The realities inscribed in some of the documentaries screening in this year’s festival, June 21-26, are grim indeed: conspiracy, tyranny, oppression, and the dystopic collapse of civilization, a reflection, perhaps, of anxieties about the current political state of affairs.
The conspiracies in Erik Nelson’s “A Gray State” (Thursday at 4 p.m. and Friday at 8:45 p.m.) are perhaps imaginary, but no less real for David Crowley, the filmmaker whose project was to put them on film in the dystopian thriller of the title. A veteran of Iraq and Afghanistan, Crowley was disgusted and alarmed by what he saw as official folly in those two wars. He perceived an underlying plot by shadowy government entities to impose a murderous dictatorship and made this the premise of his film.
His scenario appealed to militia groups and outspoken conspiracy theorists — among the latter, InfoWars’s Alex Jones. It also roused the interest of Hollywood producers who were willing to put up $30 million to make the film — which, as seen in the polished and terrifying trailer Nelson had completed, looks like a potential Hollywood hit. At what seemed the brink of success, Crowley was found shot to death along with his wife and 5-year-old daughter – whom, police concluded, he murdered before killing himself.

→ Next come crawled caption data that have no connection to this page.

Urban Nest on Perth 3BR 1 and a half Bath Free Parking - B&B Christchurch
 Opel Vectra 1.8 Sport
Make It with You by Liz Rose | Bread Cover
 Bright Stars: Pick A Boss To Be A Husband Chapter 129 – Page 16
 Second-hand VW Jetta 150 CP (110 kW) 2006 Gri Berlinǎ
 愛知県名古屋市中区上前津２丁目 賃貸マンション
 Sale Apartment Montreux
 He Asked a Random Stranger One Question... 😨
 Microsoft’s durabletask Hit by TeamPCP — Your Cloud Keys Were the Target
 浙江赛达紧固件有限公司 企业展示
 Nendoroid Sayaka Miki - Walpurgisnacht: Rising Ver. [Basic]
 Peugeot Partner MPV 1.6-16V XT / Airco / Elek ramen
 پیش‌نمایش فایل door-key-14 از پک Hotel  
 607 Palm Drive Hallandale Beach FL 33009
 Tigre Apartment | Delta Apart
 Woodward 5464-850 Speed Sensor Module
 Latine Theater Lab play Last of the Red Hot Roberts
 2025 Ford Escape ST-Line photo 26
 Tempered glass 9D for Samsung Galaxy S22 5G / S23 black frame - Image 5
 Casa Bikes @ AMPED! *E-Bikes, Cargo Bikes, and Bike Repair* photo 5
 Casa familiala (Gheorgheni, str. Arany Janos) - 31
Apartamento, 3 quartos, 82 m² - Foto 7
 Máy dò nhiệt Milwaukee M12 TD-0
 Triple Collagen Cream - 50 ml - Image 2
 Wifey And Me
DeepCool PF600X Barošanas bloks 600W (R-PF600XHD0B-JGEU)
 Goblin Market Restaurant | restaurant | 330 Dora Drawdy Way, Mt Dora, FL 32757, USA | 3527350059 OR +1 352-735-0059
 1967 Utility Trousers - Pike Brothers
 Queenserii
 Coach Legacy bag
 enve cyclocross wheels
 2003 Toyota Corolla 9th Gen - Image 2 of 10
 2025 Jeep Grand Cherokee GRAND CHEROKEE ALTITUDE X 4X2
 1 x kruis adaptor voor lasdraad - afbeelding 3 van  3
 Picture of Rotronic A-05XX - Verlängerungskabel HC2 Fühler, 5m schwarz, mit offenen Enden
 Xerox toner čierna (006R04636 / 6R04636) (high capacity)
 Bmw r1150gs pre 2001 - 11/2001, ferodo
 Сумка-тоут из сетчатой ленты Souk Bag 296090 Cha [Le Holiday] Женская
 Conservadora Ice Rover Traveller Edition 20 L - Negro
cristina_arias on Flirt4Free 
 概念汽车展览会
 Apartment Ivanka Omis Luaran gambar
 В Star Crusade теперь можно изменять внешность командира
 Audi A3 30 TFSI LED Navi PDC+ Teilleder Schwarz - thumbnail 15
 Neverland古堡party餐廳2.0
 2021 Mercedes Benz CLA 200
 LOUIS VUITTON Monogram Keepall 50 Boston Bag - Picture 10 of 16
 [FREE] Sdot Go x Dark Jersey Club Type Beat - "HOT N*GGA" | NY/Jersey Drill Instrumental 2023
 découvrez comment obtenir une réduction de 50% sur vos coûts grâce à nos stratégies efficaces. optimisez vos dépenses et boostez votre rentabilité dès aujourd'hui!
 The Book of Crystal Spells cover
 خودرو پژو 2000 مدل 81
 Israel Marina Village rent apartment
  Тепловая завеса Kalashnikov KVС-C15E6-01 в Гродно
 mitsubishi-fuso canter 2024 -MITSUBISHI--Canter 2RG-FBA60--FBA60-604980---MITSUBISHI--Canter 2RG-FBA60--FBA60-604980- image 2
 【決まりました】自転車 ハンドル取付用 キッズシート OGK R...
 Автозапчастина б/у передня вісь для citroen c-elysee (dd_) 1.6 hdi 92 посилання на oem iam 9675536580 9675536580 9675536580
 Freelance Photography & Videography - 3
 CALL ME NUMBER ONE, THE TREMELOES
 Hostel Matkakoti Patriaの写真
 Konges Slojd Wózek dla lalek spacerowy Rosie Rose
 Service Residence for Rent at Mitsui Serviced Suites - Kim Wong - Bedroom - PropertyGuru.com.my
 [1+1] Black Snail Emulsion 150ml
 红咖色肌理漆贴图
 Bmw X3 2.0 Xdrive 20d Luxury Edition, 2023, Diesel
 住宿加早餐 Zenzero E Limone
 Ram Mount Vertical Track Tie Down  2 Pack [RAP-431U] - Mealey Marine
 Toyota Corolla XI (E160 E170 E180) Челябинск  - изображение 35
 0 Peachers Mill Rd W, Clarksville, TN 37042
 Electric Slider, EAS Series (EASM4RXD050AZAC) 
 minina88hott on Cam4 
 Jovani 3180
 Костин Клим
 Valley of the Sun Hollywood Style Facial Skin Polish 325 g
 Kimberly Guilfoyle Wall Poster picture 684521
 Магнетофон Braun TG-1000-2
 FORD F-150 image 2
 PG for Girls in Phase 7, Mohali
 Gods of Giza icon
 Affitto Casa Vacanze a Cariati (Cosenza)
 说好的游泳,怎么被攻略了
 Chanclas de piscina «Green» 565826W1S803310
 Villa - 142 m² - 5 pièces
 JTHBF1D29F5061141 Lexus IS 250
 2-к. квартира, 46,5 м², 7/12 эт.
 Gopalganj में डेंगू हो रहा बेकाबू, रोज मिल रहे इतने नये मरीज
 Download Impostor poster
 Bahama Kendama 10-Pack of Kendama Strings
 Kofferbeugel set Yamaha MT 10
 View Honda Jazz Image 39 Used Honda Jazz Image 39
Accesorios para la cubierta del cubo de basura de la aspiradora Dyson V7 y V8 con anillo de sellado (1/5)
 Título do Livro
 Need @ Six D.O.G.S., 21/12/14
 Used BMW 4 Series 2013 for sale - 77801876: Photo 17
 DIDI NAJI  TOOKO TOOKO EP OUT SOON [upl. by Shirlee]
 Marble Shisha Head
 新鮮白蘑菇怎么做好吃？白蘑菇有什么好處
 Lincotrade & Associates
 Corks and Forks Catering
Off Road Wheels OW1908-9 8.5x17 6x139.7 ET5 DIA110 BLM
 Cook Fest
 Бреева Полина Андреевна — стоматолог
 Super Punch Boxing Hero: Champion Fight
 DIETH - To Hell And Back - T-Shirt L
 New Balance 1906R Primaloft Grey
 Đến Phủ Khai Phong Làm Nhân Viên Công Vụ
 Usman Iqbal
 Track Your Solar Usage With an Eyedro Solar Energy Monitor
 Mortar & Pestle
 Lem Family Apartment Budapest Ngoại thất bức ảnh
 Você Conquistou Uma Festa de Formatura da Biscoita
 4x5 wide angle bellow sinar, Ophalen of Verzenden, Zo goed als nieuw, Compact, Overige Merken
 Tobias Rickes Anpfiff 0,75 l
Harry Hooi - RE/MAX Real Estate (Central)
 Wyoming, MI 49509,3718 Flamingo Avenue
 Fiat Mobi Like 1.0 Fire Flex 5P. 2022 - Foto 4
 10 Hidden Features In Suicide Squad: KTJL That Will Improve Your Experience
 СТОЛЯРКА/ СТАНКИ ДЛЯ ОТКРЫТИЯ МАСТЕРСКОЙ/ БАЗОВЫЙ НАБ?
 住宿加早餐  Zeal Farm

The threat of death from the government was all too real for the subjects of Jon Kean’s “After Auschwitz: The Stories of Six Women” (Saturday at 11:15 a.m. and June 25 at 1:15 p.m.). Many documentaries about the Holocaust stop when the camps are liberated; here Kean follows the lives of his six subjects during the aftermath. Through testimony and archival footage it shows their ordeal amid the desperation and chaos of postwar Europe, where they had neither homes nor families. With humor and pathos the film relates their resettlement in the United States, their responses to Eisenhower-era affluence, their decisions to start their own families, their integration into and contributions to their new homeland, and their efforts to come to terms with — and never forget — the past.
The title of Pamela Yates’s “500 Years” (Saturday at 3:45 p.m.) refers to the period during which the indigenous Mayan population of Guatemala has been subjugated by a white European elite. Yates has spent 35 years recording that struggle through a trilogy of films beginning with “When the Mountains Tremble” (1983), which revealed the atrocities of then general, later president, Ríos Montt, and followed up by “Granito: How to Nail a Dictator” (2011) about Montt’s prosecution for genocide. In “500 Years” she recounts the recent popular uprising, in which for the first time indigenous activists and a middle class fed up with corruption peacefully demonstrate in an attempt to transform Guatemala into a genuine democracy.
A conversation with Yates, subject Irma Alicia Velásquez Nimatuj, and Marc Skvirsky of Facing History and Ourselves follows the screening.